GIVEN RECORDS below:
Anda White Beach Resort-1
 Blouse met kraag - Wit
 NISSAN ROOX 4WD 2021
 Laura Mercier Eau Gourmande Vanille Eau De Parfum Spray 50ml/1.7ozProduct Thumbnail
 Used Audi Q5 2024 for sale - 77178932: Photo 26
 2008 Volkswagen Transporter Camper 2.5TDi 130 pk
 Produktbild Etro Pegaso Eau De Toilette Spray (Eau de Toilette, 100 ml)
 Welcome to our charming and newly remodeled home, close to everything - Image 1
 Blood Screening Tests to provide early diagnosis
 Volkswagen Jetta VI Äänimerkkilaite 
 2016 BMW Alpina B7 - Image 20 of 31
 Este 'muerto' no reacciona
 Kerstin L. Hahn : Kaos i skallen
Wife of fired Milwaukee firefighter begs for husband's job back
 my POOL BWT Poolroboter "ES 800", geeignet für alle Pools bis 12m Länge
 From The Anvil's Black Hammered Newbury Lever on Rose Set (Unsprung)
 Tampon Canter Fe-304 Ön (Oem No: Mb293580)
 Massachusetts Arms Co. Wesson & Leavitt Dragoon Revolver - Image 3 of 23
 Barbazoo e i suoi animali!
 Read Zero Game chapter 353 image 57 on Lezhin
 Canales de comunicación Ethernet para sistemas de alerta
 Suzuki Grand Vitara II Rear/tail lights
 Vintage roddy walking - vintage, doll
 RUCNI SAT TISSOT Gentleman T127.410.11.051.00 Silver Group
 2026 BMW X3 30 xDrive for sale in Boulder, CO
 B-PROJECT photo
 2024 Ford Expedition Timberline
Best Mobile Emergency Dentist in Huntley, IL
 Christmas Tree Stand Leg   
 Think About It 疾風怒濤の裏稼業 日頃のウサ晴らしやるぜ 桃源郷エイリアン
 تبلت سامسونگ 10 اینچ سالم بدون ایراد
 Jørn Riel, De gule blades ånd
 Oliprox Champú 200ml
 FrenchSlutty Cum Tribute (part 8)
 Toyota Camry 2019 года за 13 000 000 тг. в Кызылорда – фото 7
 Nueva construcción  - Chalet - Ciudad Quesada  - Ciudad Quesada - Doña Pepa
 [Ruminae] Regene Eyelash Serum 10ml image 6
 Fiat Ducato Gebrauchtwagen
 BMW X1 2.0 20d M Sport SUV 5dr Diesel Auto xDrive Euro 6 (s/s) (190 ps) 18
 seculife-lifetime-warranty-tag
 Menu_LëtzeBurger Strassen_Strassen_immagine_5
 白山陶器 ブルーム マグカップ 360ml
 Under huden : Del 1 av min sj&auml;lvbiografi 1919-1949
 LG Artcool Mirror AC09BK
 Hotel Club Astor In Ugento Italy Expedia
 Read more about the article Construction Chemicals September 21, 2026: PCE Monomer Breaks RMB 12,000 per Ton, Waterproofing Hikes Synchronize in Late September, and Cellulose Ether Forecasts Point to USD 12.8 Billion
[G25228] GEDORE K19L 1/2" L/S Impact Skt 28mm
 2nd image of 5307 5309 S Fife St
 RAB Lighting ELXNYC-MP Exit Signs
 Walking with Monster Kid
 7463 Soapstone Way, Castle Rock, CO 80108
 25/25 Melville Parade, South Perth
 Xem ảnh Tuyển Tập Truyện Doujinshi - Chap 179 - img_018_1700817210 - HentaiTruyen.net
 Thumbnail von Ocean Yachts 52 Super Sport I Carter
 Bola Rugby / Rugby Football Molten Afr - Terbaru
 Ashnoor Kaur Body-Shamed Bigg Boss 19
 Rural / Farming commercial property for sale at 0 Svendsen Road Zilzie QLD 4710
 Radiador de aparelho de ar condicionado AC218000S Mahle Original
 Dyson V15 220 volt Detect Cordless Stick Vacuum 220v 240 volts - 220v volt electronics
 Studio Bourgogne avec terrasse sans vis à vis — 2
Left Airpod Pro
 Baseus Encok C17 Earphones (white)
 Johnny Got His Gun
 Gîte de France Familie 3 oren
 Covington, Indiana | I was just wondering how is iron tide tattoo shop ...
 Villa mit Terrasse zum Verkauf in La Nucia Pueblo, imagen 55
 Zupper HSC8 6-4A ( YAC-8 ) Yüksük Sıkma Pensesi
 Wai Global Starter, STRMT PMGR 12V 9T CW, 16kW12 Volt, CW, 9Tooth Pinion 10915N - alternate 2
End of GIVEN RECORDS.
# PROBLEM REQUIREMENTS
Starting at the line that contains "Villa mit Terrasse", retype each line through the last one in the records, both included, and add nothing.

# OUTPUT OF THE TASK
 Villa mit Terrasse zum Verkauf in La Nucia Pueblo, imagen 55
 Zupper HSC8 6-4A ( YAC-8 ) Yüksük Sıkma Pensesi
 Wai Global Starter, STRMT PMGR 12V 9T CW, 16kW12 Volt, CW, 9Tooth Pinion 10915N - alternate 2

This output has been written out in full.